DV: do not have more than 7 categories - ensure sample is fairly large
IV: have no more than 3-4 categories
Hypothesis testing is the second main application of inferential statistics > what does it measure and what is the use?
in what way do we normally think with hypothesis testing?
- measures the likelihood that a relationship between variables exists in the population
- gives the probability that an observed relationship in the sample is due to random chance alone (ex. sampling error)
- the stronger the relationship between variables in the sample, the less likely it is attributed to sampling error > there is statistical evidence that a relationship exists in the population
*generally we are thinking deductively with hypothesis testing
What is statistical significance?
The likelihood that a relationship as big as one observed in a sample could be due to sampling error alone
> asking if an observed relationship is just due to chance
> different from “importance” the relationship doesn’t need to matter it just means that there is a low prob. that the results are due to change or sampling error
What does it mean to test the Ho (what is the Ho)
Ho (the null hypothesis) says that there is NO relationship between the variables under consideration
Through our testing of statistical significance, we will either reject or fail to reject (accept) the null (Ho)
> if we reject Ho, we’re saying there IS a realtionship
> if we accept or fail to reject, we’re saying there is NO relationship
When testing the level of significance with alpha levels what are the 3 assumptions with the idea of probability
Assumptions:
- we used probability sampling methods
- there was no relationship between our IV and DV in the population
- a large number of samples had been taken
What are the 3 alpha levels we mention? What do these mean?
0.05 (95% confidence)
0.01 (99% confidence)
0.001
Represents the probability of incorrectly concluding that there is a significant relationship when there is none
Refers to the level of risk that we want to take of being “wrong”
- smaller = taking more risk but can say there is a higher level of significance
- usually we select 0.05 or 0.01
What is the Chi-Square Test for Independence and when is it appropriate to use?
It compares observed frequencies (O) with expected frequencies (E) (what you would’ve observed if there was no relationship)

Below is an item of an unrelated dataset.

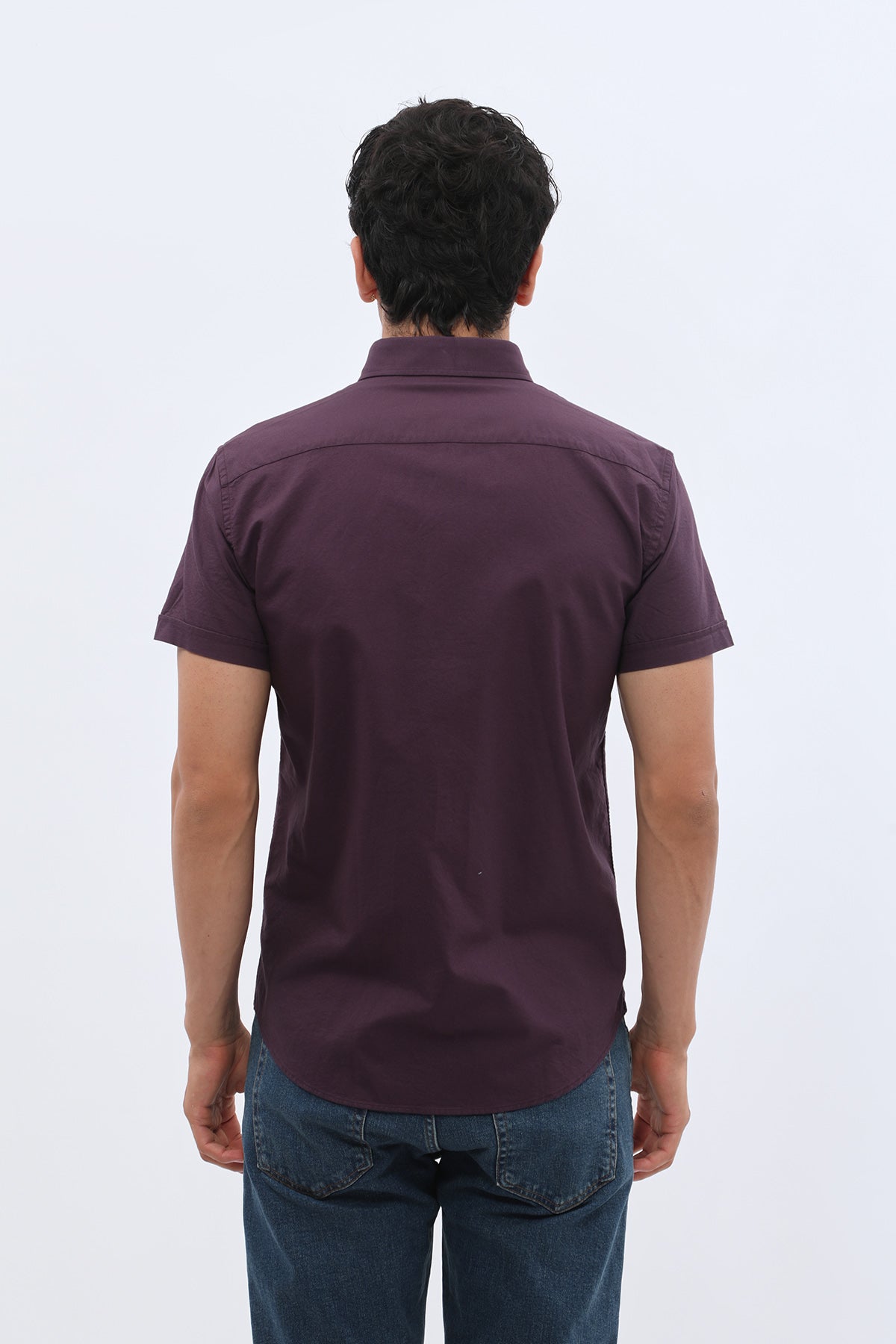SHIRTSPRO Oxford Regular Fit Short Sleeve Shirt - Button-Down Collar - Night Shade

*testing to see if there is or isn’t an association
It is appropriate for testing relationships between nominal and ordinal variables, assuming that random sampling was used
What are the 7 steps to find Chi-Square
- State the claim and identify the null and alternative hypothesis as Ho and H1
- Specify the level of significance, represented as a (alpha)
- Choose the appropriate test statistic given the levels of measurement of the variables, the purpose of the test, and any other necessary assumptions (in this case it’s X^2)
- Identify the critical value of the test statistic to indicate under what condition the null hypothesis should be rejected or not rejected
- Calculate X^2 using the data from the sample
- Compare X^2 to the critical value and decide to reject or fail to reject the null hypothesis (IF X^2 IS BIGGER THAN CRITICAL VALUE THEN IT IS SIGNIFICANT AND WE REJECT THE NULL)
- Interpret the decision in terms of the original claim
Define ‘degrees of freedom’
How do we find this?
It is the number of values in a calculated statistic that are free to vary (do not have a fixed value)
dF = (r-1) (c-1)
r = rows in table
c = columns in table
Difference between 1 tailed and 2 tailed hypothesis?
1 tailed = directional statement - positive or negative (can only do this with two quantitative variables)
2 tailed = nondirectional - doesn’t specify a direction or form
What is a spurious relationship? example?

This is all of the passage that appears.